Joshua nodded. “I would. A man’s spirit should be his own to give to God.”

“You know, there was a slave about eighty years ago who talked like you. He raised an army of slaves against Rome, beat back two of our armies, took over all the territories south of Rome. It’s a story every Roman soldier must learn.”

“Why, what happened?” I asked.

“We crucified him,” Justus said. “By the side of the road, and his body was eaten by ravens. The lesson we all learn is that nothing can stand against Rome. A lesson you need to learn, boy, along with your stonecutting.”

Just then another Roman soldier approached, a legionnaire, not wearing the cape or the helmet crest of the centurion. He said something to Justus in Latin, then looked at Joshua and paused. In rough Aramaic he said, “Hey, didn’t I see that kid on some bread once?”

“Wasn’t him,” I said.

“Really? Sure looks like him.”

“Nope, that was another kid on the bread.”

“It was me,” said Joshua.

I backhanded him across the forehead, knocking him to the ground. “No it wasn’t. He’s insane. Sorry.”

The soldier shook his head and hurried off after Justus.

I offered a hand to help Joshua up. “You’re going to have to learn to lie.”

“I am? But I feel like I’m here to tell the truth.”

“Yeah, sure, but not now.”

I don’t exactly know what I expected it would be like working as a stonemason, but I know that in less than a week Joshua was having second thoughts about not becoming a carpenter. Cutting great stones with small iron chisels was very hard work. Who knew?

“Look around, do you see any trees?” Joshua mocked. “Rocks, Josh, rocks.”

“It’s only hard because we don’t know what we’re doing. It will get easier.”

Joshua looked at my father, who was stripped to the waist, chiseling away on a stone the size of a donkey, while a dozen slaves waited to hoist it into place. He was covered with gray dust and streams of sweat drew dark lines between cords of muscle straining in his back and arms. “Alphaeus,” Joshua called, “does the work get easier once you know what you are doing?”

“Your lungs grow thick with stone dust and your eyes bleary from the sun and fragments thrown up by the chisel. You pour your lifeblood out into works of stone for Romans who will take your money in taxes to feed soldiers who will nail your people to crosses for wanting to be free. Your back breaks, your bones creak, your wife screeches at you, and your children torment you with open, begging mouths, like greedy baby birds in the nest. You go to bed every night so tired and beaten that you pray to the Lord to send the angel of death to take you in your sleep so you don’t have to face another morning. It also has its downside.”

“Thanks,” Joshua said.

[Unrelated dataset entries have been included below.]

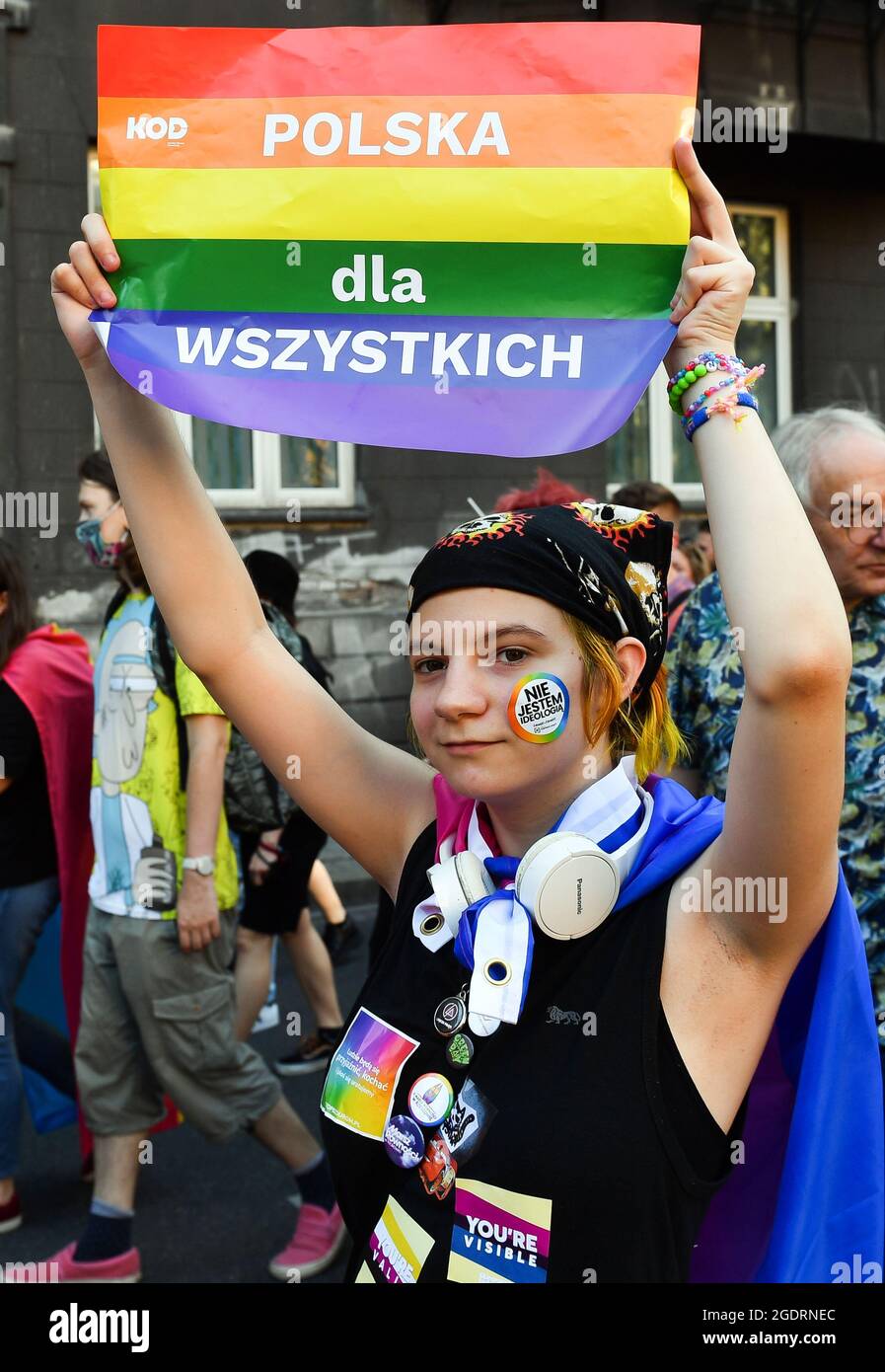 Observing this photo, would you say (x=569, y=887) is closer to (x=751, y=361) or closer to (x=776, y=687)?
(x=776, y=687)

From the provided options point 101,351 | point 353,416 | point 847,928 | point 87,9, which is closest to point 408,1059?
point 847,928

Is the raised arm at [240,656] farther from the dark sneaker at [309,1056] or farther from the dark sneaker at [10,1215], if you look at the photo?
the dark sneaker at [309,1056]

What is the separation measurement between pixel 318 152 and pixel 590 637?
2.29 feet

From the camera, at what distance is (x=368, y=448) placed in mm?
8781

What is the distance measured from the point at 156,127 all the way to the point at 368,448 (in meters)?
7.07

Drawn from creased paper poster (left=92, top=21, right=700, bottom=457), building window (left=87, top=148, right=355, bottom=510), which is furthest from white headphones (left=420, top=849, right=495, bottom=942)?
building window (left=87, top=148, right=355, bottom=510)

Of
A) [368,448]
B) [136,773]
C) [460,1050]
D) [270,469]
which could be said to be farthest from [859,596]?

He looked at me, one eyebrow raised.

“I for one, am excited,” I said. “I’m ready to cut some stone. Stand back, Josh, my chisel is on fire. Life is stretched out before us like a great bazaar, and I can’t wait to taste the sweets to be found there.”

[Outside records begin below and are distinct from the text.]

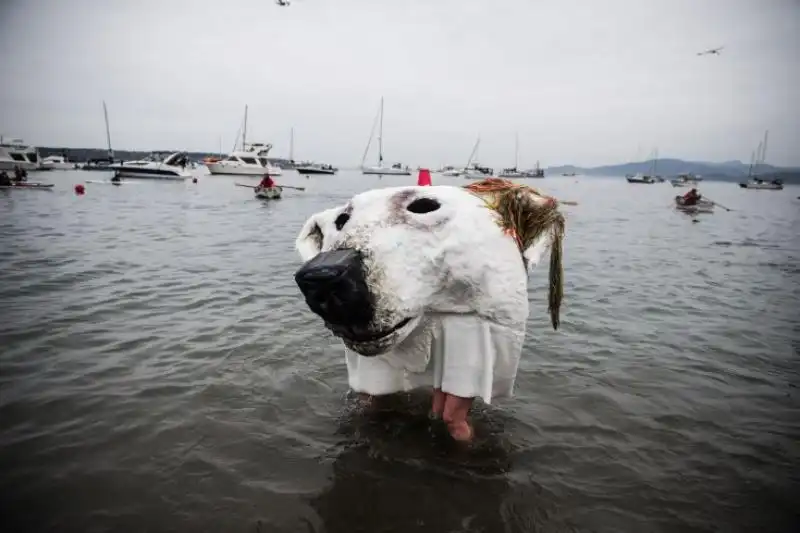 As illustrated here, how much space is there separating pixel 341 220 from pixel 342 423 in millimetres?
1629

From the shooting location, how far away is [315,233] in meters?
3.03

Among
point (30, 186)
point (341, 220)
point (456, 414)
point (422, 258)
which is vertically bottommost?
point (456, 414)

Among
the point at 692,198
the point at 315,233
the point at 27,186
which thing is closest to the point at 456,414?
the point at 315,233

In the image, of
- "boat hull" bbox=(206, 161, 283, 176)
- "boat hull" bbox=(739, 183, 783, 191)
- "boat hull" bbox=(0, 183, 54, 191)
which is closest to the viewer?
"boat hull" bbox=(0, 183, 54, 191)

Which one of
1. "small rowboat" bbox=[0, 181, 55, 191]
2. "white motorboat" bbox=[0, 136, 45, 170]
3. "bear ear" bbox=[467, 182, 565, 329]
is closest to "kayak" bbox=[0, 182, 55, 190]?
"small rowboat" bbox=[0, 181, 55, 191]

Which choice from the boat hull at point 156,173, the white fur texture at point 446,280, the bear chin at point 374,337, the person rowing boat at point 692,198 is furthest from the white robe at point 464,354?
the boat hull at point 156,173

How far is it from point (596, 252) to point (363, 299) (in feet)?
34.2

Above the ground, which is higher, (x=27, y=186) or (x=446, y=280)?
(x=27, y=186)

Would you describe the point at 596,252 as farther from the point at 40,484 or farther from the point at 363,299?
the point at 40,484

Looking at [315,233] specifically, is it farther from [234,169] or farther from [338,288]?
[234,169]

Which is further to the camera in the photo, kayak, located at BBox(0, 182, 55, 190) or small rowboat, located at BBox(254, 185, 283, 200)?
small rowboat, located at BBox(254, 185, 283, 200)

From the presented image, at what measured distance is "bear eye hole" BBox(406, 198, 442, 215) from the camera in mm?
2668

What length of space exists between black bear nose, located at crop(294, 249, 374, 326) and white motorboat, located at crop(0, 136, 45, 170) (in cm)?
4493

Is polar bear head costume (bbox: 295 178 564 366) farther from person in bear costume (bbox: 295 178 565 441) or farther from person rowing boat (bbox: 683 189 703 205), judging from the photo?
person rowing boat (bbox: 683 189 703 205) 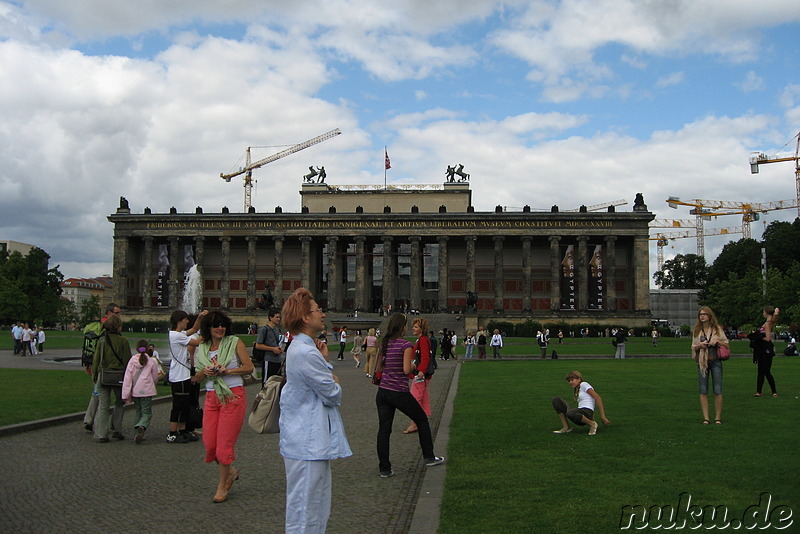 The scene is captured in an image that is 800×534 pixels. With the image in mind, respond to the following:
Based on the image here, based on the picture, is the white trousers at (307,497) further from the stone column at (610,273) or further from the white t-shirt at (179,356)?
the stone column at (610,273)

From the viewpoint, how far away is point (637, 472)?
9.68 metres

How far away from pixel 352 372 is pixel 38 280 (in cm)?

Josh tilted his head like a bewildered dog. “I didn’t get that from your father’s answer.”

“It’s sarcasm, Josh.”

“Sarcasm?”

“It’s from the Greek, sarkasmos. To bite the lips. It means that you aren’t really saying what you mean, but people will get your point. I invented it, Bartholomew named it.”

“Well, if the village idiot named it, I’m sure it’s a good thing.”

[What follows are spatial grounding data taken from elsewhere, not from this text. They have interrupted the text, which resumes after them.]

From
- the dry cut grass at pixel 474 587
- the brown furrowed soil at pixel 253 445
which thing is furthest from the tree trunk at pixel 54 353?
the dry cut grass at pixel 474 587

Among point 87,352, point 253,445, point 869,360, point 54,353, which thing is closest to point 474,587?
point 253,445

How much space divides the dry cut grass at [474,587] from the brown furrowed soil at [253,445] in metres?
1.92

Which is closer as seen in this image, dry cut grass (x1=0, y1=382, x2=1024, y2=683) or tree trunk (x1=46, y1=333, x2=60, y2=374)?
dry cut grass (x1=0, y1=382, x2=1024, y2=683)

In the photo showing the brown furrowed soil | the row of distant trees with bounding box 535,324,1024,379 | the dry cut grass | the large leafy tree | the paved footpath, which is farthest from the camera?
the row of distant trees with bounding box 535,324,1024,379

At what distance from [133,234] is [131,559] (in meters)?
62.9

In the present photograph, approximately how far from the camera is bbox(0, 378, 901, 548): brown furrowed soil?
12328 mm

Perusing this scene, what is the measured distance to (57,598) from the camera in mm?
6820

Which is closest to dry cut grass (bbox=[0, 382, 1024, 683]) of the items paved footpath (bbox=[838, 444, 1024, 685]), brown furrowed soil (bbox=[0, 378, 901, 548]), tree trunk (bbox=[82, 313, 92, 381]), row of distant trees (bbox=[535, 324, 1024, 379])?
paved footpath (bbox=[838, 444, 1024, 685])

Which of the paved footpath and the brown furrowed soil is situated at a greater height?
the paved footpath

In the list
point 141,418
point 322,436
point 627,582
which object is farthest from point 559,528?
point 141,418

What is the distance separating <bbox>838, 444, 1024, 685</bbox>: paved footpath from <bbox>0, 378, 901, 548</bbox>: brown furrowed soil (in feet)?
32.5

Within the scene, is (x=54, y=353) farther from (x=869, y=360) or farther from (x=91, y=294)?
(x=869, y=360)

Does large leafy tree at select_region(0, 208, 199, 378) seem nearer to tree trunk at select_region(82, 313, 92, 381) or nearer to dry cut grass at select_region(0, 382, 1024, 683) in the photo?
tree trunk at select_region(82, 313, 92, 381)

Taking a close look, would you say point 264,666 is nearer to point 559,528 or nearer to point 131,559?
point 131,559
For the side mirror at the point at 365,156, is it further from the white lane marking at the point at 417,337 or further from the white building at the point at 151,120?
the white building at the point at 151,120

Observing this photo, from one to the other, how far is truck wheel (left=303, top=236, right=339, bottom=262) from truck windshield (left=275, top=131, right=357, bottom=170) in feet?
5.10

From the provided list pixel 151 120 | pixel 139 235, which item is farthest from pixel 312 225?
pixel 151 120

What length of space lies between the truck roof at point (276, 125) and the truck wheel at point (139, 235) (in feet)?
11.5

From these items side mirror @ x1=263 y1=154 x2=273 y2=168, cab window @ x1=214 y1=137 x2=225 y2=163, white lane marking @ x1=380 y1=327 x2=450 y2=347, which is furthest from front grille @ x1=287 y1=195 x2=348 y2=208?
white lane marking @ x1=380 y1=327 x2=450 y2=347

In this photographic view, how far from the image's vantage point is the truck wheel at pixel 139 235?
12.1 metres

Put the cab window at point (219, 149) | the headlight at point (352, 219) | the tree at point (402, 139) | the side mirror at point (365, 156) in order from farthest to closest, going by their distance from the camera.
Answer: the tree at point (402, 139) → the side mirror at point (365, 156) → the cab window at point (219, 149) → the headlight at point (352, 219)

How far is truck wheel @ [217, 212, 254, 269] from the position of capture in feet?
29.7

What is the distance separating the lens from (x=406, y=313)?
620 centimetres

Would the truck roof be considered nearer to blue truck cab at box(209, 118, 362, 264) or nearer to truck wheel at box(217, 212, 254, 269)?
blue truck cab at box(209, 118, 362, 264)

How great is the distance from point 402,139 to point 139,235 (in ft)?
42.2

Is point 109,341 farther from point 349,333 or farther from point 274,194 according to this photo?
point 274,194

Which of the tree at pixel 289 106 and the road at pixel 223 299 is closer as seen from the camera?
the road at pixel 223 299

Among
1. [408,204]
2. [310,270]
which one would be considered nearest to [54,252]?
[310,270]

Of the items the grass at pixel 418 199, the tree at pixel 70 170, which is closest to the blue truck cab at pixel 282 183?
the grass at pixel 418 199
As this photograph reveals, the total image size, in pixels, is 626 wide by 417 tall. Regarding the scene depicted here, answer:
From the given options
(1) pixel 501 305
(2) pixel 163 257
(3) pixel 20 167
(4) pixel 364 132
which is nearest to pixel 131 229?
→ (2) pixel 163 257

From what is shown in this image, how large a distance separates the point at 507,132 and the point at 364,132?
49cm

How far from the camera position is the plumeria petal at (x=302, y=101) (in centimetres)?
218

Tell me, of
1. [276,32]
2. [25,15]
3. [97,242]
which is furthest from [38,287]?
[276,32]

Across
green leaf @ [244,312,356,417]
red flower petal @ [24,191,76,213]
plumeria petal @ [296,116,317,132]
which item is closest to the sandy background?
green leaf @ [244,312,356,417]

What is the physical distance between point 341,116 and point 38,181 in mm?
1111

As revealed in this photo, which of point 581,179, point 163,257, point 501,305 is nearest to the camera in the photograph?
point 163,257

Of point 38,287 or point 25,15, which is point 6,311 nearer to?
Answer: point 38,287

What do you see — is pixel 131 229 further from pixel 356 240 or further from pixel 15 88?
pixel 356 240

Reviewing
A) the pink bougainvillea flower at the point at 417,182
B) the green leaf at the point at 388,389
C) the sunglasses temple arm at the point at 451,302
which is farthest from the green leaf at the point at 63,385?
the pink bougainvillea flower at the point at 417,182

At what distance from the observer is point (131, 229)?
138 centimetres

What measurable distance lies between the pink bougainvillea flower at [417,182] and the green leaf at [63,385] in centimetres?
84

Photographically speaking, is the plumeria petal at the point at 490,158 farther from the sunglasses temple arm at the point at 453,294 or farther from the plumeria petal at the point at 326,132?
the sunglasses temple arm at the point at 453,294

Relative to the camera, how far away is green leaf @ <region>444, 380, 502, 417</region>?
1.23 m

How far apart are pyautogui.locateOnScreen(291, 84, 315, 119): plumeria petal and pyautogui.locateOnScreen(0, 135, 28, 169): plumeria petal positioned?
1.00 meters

“There you go, you got it.”

“Got what?”

“Sarcasm.”

“No, I meant it.”

“Sure you did.”

“Is that sarcasm?”

“Irony, I think.”

“What’s the difference?”

“I haven’t the slightest idea.”

“So you’re being ironic now, right?”

“No, I really don’t know.”

“Maybe you should ask the idiot.”

“Now you’ve got it.”

“What?”

“Sarcasm.”

“Biff, are you sure you weren’t sent here by the Devil to vex me?”